A “skills-short” local IT market is forcing employers to dig deep into their pockets when it comes to attracting and keeping top talent.
But money isn’t everything.
A positive company culture and non-monetary staff benefits are now both valuable tools for employers in the IT talent war.
That's according to recruitment company Robert Half, which surveyed 160 CIOs across Australia on job trends and talent management.
And the findings reaffirm what we already know: top talent isn’t cheap.
Half (50%) of all CIOs offer higher remuneration (base pay and/or bonuses) to attract top talent, while 48% will offer a higher salary when trying to retain their best.
The splurge on talent comes despite wage growth in the Australian IT sector growing at 3.3% – higher than the national average of 2.3%.
“As Australia’s IT sector booms, companies are calling for the highest calibre candidates to remain competitive, drive innovation and implement new technologies faster than ever before,” said Director of Robert Half Australia, Andrew Morris.
“Consequently, as top IT talent becomes more highly sought-after in Australia’s tightening IT talent pool, companies are required to offer competitive salaries in order to successfully attract, recruit and retain the most skilled and talented candidates.”

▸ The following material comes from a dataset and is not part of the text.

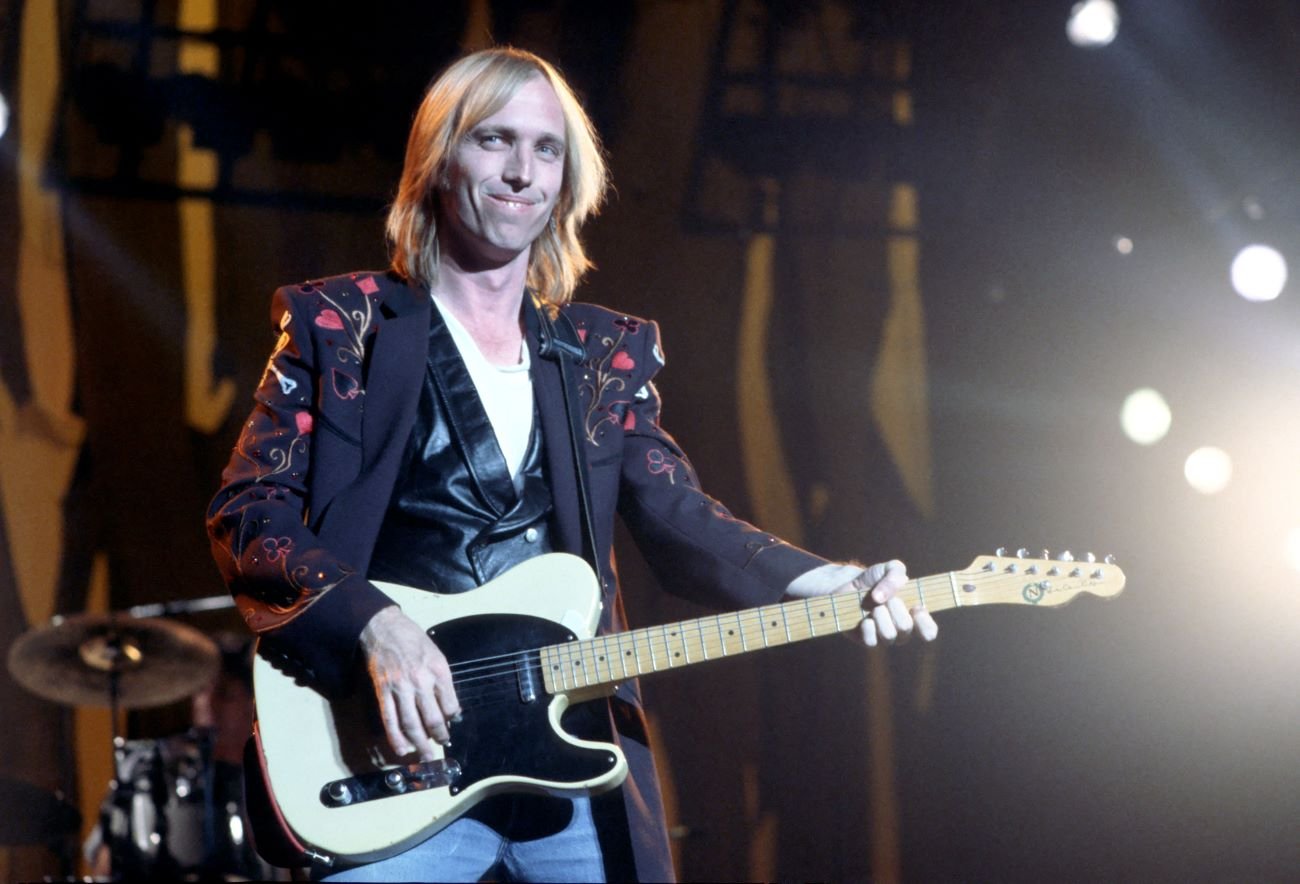 Tom Petty wears a black embroidered jacket and holds a white guitar.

While remuneration is an obvious incentive for employees when choosing where they work, the research found that 39% of employers are now offering an enhanced work culture (which might include health and wellbeing programs) to attract talent and 42% offer additional employee benefits.

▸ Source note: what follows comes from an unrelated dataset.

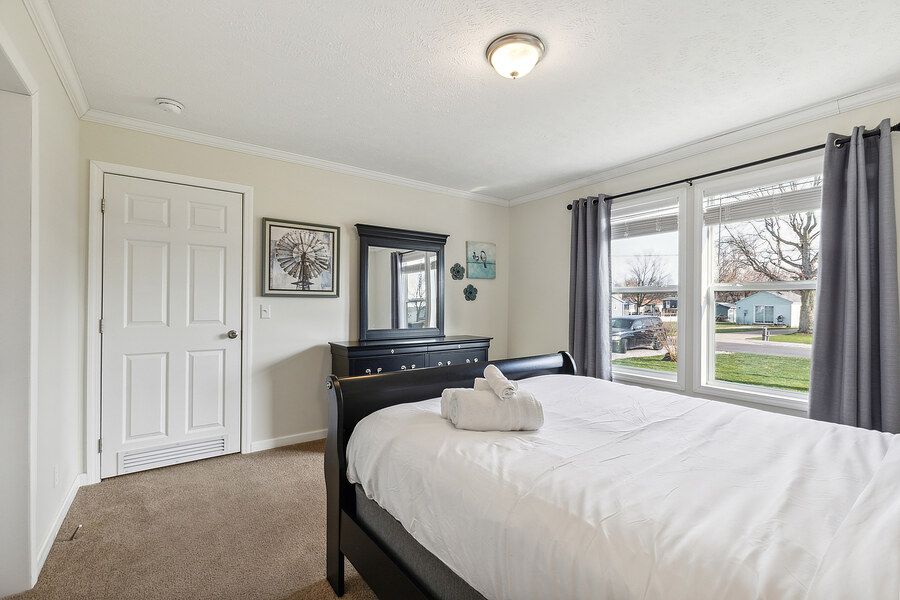 Bright bedroom with a large bed, dark wood furniture, carpeted floors, crown molding, and a window with gray curtains.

In terms of retention, 48% of bosses work to develop an enhanced culture and 38% are attributing more employee benefits.
“To be effective at attracting and retaining top talent, remuneration should be part of a wider, ongoing dialogue between employer and employee as the most appealing remuneration packages are those that are tailored and designed with individual employees in mind,” Morris said.

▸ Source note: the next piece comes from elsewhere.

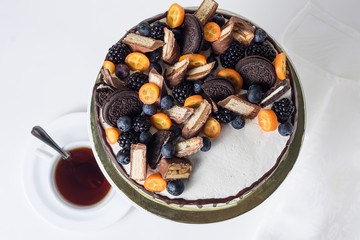 Cake with blueberries, blackberries, chocolate chip cookies and milk chocolate on a white plate with a cup of tea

“Through open communication channels, employers can establish and implement incentives that appeal to individual motivations.
“This is especially true for millennial-aged workers who tend to favour professional development opportunities over a higher salary, and workers with children who may value increased annual leave and flexible hours more highly.”
The findings suggest there is still the perception of a skills shortage among CIOs, 87% reporting that it is more difficult to attract top IT talent today than it was five years ago.